最後の打者・嶋を打ち取り、雄たけびを上げる井川
プロ野球の歴史の中から、日付にこだわって「その日に何があったのか」紹介していく。今回は10月4日だ。
阪神の左腕エース・
井川慶が2004年10月4日の
広島戦(広島)で快挙を成し遂げた。前年には20勝5敗でチームのリーグ優勝に貢献した井川だが、この年は、ここまで12勝11敗。チームも連覇はならず、先発ローテをしっかり守りながらも、不本意な年であった。
そのうっぷんを晴らすかのごとく初回から井川は飛ばし、7回まですべて3人ずつで終わらす、パーフェクトピッチング。しかし、8回一死の後、一塁の
関本健太郎のエラーで走者を出してしまう。関本は試合中、試合後と何度も井川に謝りに来たというが、井川自身は「パーフェクトがなくなったことで、逆にフォアボールが怖くなくなり、思い切り攻めることができました」と振り返る。
ここで広島は代打・
前田智徳を送った。このシーズン、初めて井川とバッテリーを組んだ捕手の
野口寿浩は、前田から「すさまじい気迫を感じた」と言い、井川も「打たれるとしたら前田さんかな」と内心思っていたという。結果、果敢に内角を突いた球が死球となるが、後続はしっかり打ち取った。

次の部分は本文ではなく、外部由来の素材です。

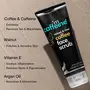 mCaffeine Coffee Tan Removal Face Scrub (75gm) | Exfoliate Scrub | Blackhead Remover Whitehead Remover Dead Skin Remover Detan Pack I Caffeine & Walnut Scrub for Face | Face Scrub For Women & Men, 9 image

9回も先頭打者に四球を出したが、そこからさらにギアを上げる。簡単に二死を取って、迎えたバッターが、この時点でのセの首位打者・
嶋重宣だった。井川はここで「変化球にちょこんと当てられてのヒットが嫌だったので」と4球すべて渾身のストレート勝負。最後は三振に打ち取り、雄たけびを上げた。
その後、マウンドで仲間たちに抱え上げられ、笑顔を見せた井川だったが、試合後のコメントは、「普通の試合が終わった感じです」と淡々。
独特の哲学を持ち、のちメジャーでも投げた井川は、いまも独立リーグの現役投手だ。